• **Task statement**
Output all of the material once more, so that every line matches the original exactly.

• **Recorded data**
==================================================
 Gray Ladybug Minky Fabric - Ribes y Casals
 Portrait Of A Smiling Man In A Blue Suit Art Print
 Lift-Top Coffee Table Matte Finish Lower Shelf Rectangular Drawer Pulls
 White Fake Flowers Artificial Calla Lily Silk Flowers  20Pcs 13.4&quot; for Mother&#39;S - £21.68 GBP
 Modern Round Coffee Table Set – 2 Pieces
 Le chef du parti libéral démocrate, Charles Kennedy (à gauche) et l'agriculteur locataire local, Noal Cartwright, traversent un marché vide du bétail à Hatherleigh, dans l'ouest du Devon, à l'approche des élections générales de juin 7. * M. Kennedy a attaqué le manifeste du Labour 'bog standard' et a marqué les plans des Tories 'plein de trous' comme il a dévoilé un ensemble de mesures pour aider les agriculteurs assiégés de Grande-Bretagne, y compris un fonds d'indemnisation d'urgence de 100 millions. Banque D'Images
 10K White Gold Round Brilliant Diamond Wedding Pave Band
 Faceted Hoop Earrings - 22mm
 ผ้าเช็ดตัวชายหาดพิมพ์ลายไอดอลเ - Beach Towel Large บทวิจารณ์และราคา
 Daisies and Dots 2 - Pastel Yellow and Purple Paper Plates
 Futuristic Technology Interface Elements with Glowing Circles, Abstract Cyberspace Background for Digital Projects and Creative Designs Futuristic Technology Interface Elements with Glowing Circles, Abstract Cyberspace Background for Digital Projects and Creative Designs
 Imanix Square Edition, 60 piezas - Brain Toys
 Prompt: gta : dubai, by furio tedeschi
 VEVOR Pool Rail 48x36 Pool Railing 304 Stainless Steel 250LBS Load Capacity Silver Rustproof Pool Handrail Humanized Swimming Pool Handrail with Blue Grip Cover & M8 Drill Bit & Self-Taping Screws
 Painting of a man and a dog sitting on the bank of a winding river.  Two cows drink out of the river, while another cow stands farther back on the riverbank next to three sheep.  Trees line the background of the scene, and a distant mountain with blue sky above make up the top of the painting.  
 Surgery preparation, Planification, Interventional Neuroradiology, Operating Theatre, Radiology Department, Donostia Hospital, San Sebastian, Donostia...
==================================================
• **Your solution**
 Gray Ladybug Minky Fabric - Ribes y Casals
 Portrait Of A Smiling Man In A Blue Suit Art Print
 Lift-Top Coffee Table Matte Finish Lower Shelf Rectangular Drawer Pulls
 White Fake Flowers Artificial Calla Lily Silk Flowers  20Pcs 13.4&quot; for Mother&#39;S - £21.68 GBP
 Modern Round Coffee Table Set – 2 Pieces
 Le chef du parti libéral démocrate, Charles Kennedy (à gauche) et l'agriculteur locataire local, Noal Cartwright, traversent un marché vide du bétail à Hatherleigh, dans l'ouest du Devon, à l'approche des élections générales de juin 7. * M. Kennedy a attaqué le manifeste du Labour 'bog standard' et a marqué les plans des Tories 'plein de trous' comme il a dévoilé un ensemble de mesures pour aider les agriculteurs assiégés de Grande-Bretagne, y compris un fonds d'indemnisation d'urgence de 100 millions. Banque D'Images
 10K White Gold Round Brilliant Diamond Wedding Pave Band
 Faceted Hoop Earrings - 22mm
 ผ้าเช็ดตัวชายหาดพิมพ์ลายไอดอลเ - Beach Towel Large บทวิจารณ์และราคา
 Daisies and Dots 2 - Pastel Yellow and Purple Paper Plates
 Futuristic Technology Interface Elements with Glowing Circles, Abstract Cyberspace Background for Digital Projects and Creative Designs Futuristic Technology Interface Elements with Glowing Circles, Abstract Cyberspace Background for Digital Projects and Creative Designs
 Imanix Square Edition, 60 piezas - Brain Toys
 Prompt: gta : dubai, by furio tedeschi
 VEVOR Pool Rail 48x36 Pool Railing 304 Stainless Steel 250LBS Load Capacity Silver Rustproof Pool Handrail Humanized Swimming Pool Handrail with Blue Grip Cover & M8 Drill Bit & Self-Taping Screws
 Painting of a man and a dog sitting on the bank of a winding river.  Two cows drink out of the river, while another cow stands farther back on the riverbank next to three sheep.  Trees line the background of the scene, and a distant mountain with blue sky above make up the top of the painting.  
 Surgery preparation, Planification, Interventional Neuroradiology, Operating Theatre, Radiology Department, Donostia Hospital, San Sebastian, Donostia...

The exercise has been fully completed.